NYLA Member Profile: Alex Gutelius
By Joel Friedman
NYLA Member Profile: Alex Gutelius, Library Director at the Clifton Park-Halfmoon Public Library
by Joel Friedman
To read more of Friedman's interview with Gutelius and learn more about her role at the Clifton Park-Halfmoon Library, click here.
Where did you grow up?
I’m from Canada. I grew up in Toronto. North York, specifically, which was more suburban then but is now considered part of the Toronto city sprawl. Toronto itself has about 2.5 million people, but the Greater Toronto Area has about 5.5 million. I did my undergraduate work at Carleton University in Ottawa, and I did my Master’s in Library and Information Science at the University of Western Ontario, in London, Ontario.
At that time was it still a fairly traditional MLS program, or did it go into anything digital?
Back then we were just at the cusp of CD-ROM databases, so we had a little bit of computing, but I didn’t do any archival studies at all. They did offer that track, but that wasn’t really what I was interested in. I thought I would like to work in a special library, but I graduated from library school in 1990, just at the beginning of the last recession, and jobs were hard to come by. I applied for just about any job that became available, and I ended up getting a job in a public library. In hindsight, I wondered why I would want to work for a special library. I had been thinking of maybe working for a law firm or something cool like that downtown, but as a child I was a huge public library user. We had a small branch of the North York Public Library up the street from me, and my mother talks about me reading a book while walking home. I was a voracious reader from an early age. And then my junior high was right across the street from the public library. I didn’t take the bus. I’d walk to school—uphill both ways, as they say! I worked in my university library in a part-time job as an undergraduate, but I didn’t really know what I wanted to do as a career. My undergraduate degree is in English and History. I knew I didn’t want to be a teacher. My father was a principal and my mother was a teacher—everyone in my family was a teacher. Then I started working in a library and I really liked it, so I thought, okay, I’ll go and do my master’s. They had a great program at the University of Western Ontario, where you could complete the master’s in twelve months. You could take longer to do it if you did co-op placement, or you could just do it straight through. So I did the one-year program and graduated in 1990 and got a job that fall. But digital initiatives were just in their infancy. There was a little bit of programming and theory-based curriculum, but not really that much at that time.

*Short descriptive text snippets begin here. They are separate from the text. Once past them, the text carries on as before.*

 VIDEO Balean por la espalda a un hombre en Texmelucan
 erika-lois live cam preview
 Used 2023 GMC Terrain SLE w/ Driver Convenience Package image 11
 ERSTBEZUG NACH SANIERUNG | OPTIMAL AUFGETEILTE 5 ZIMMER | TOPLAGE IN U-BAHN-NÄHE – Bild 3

Where did you start your library career?
I started my professional career about 30 miles north of Toronto, in a very small public library called the East Gwillimbury Public Library, which is north of Newmarket, where I lived.

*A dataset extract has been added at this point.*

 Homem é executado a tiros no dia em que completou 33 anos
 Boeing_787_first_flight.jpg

What brought you to the United States?
My husband is from New York State—Westchester County—although he was born in Montréal to American parents. He went to Carleton University in Ottawa also, so that's where we met. We spent the first 15 to 16 years of our marriage living in Toronto, and then I began looking for a new career opportunity. In Canada, a director is a level down from what we call director here. There the top position is called CEO. I was Director of Service Delivery for a seven-branch library just north of Toronto, the Vaughan Public Libraries. I had been with them for eight years, and I was looking for the next step up. And at the same time my husband had started a business that was for all intents and purposes based in the US, so we were looking for an opportunity to move.
A lot of people don’t realize that under the NAFTA agreement, librarian is one of those positions that allows you to move across the border with ease. When you apply for a library position, you don’t have to get a green card initially. You can go on what’s called a TN visa, which is very easy to obtain if you have a position offer. My husband kind of wanted to come back to the US, and this opportunity came up; from the investigation we did, it looked like a reasonable place—within driving distance of Toronto and Ottawa, where I still have family.

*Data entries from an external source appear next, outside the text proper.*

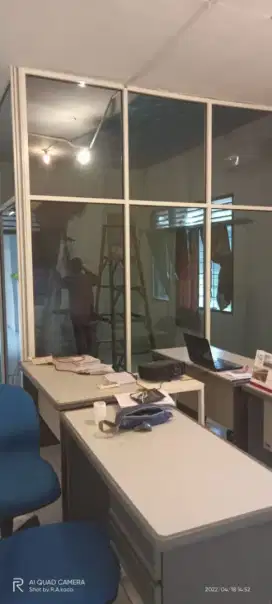 Pintu kaca toko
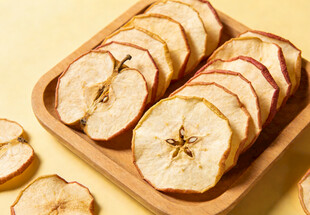 木盘上摆放的苹果干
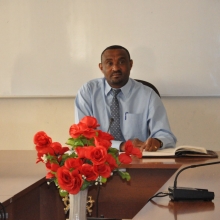 The New President Holds Discussion with Staff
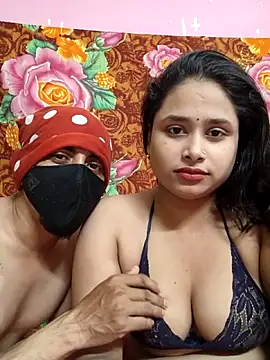 Seducing couple online show from 13, 3, 2026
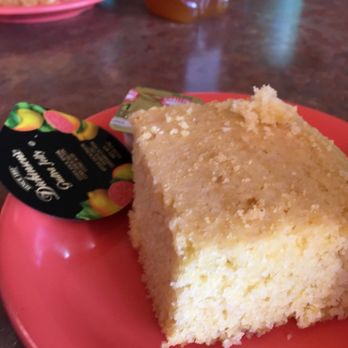 Kountry Kitchen - Corn bread - American Near Me - Kapaa, Hawaii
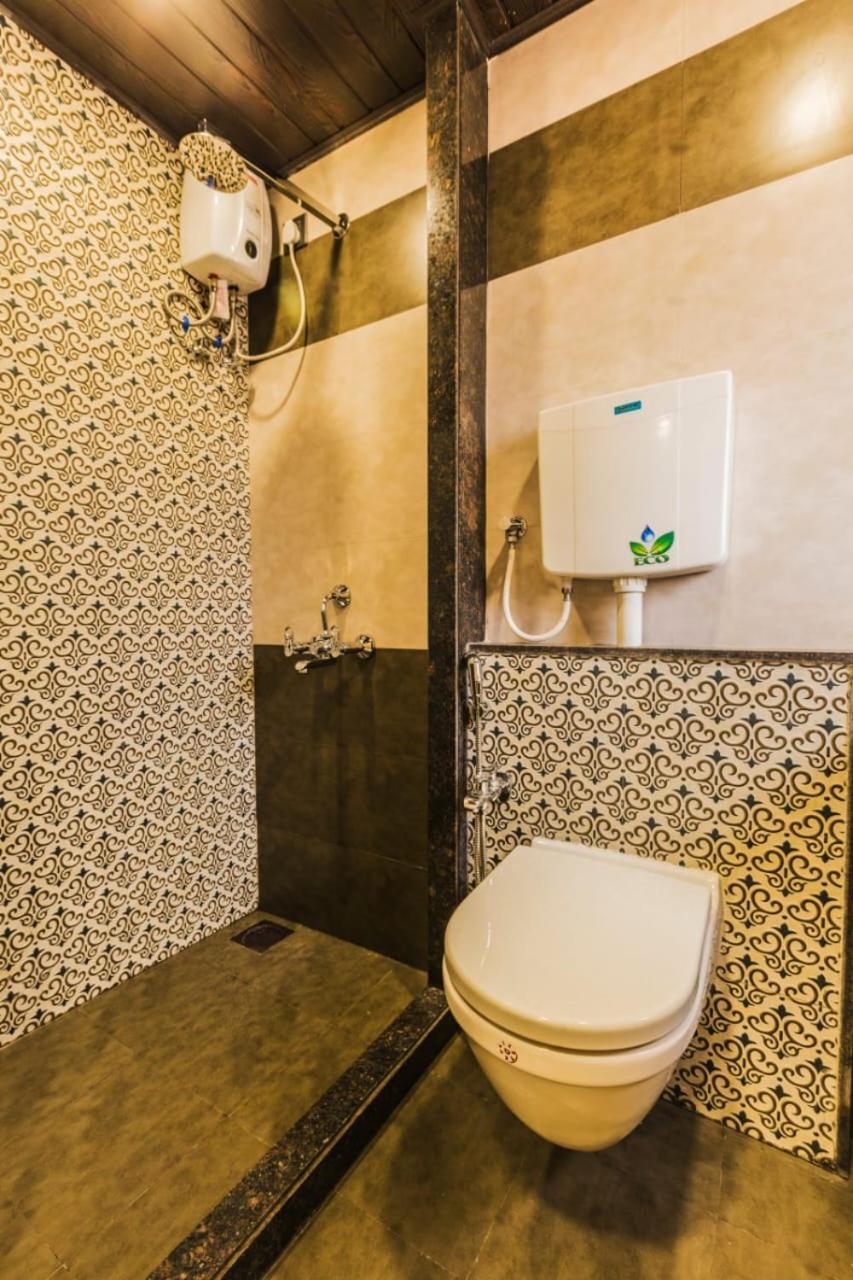 מומביי Hotel Golden Crown מראה חיצוני תמונה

Not that I’d ever been to Clifton Park. I’d driven by, on our way to visit in Westchester, but that’s about it. They did a fairly wide search for the director position here, going beyond the New York borders. So I applied, did a telephone interview, came down for an in-person interview, and we were very impressed with the town. It was a good time to move from my own career perspective as well as from my husband’s business perspective, and also my children were young enough that we felt moving them wouldn’t be as disruptive as perhaps it would be later on. Interesting move, because moving from Toronto—a very large, very metropolitan city—to a small town was a huge change for me. It was a factor, and we thought about it, because my oldest daughter was in grade 3 at the time, and she was going to an extremely multicultural school, taking French immersion—so there were a lot of personal choices. I think in hindsight it’s been a fabulous move both on a professional and a personal level. Our three children are now in first grade, third grade, and seventh grade, right here in Clifton Park.
You said you read a lot. Who were some of your favorite writers as a child?
Definitely my favorite author as a child was Lucy Maud Montgomery—Anne of Green Gables. No question. That’s it. Full stop. A Canadian favorite. And I’m absolutely just a voracious fiction reader.
What are you reading now?
Let’s see, I read the latest Janet Evanovich not too long ago. I read a Stuart Woods, but I wasn’t all that thrilled with it. They’re all formulaic, but I found it was not as exciting as the last few.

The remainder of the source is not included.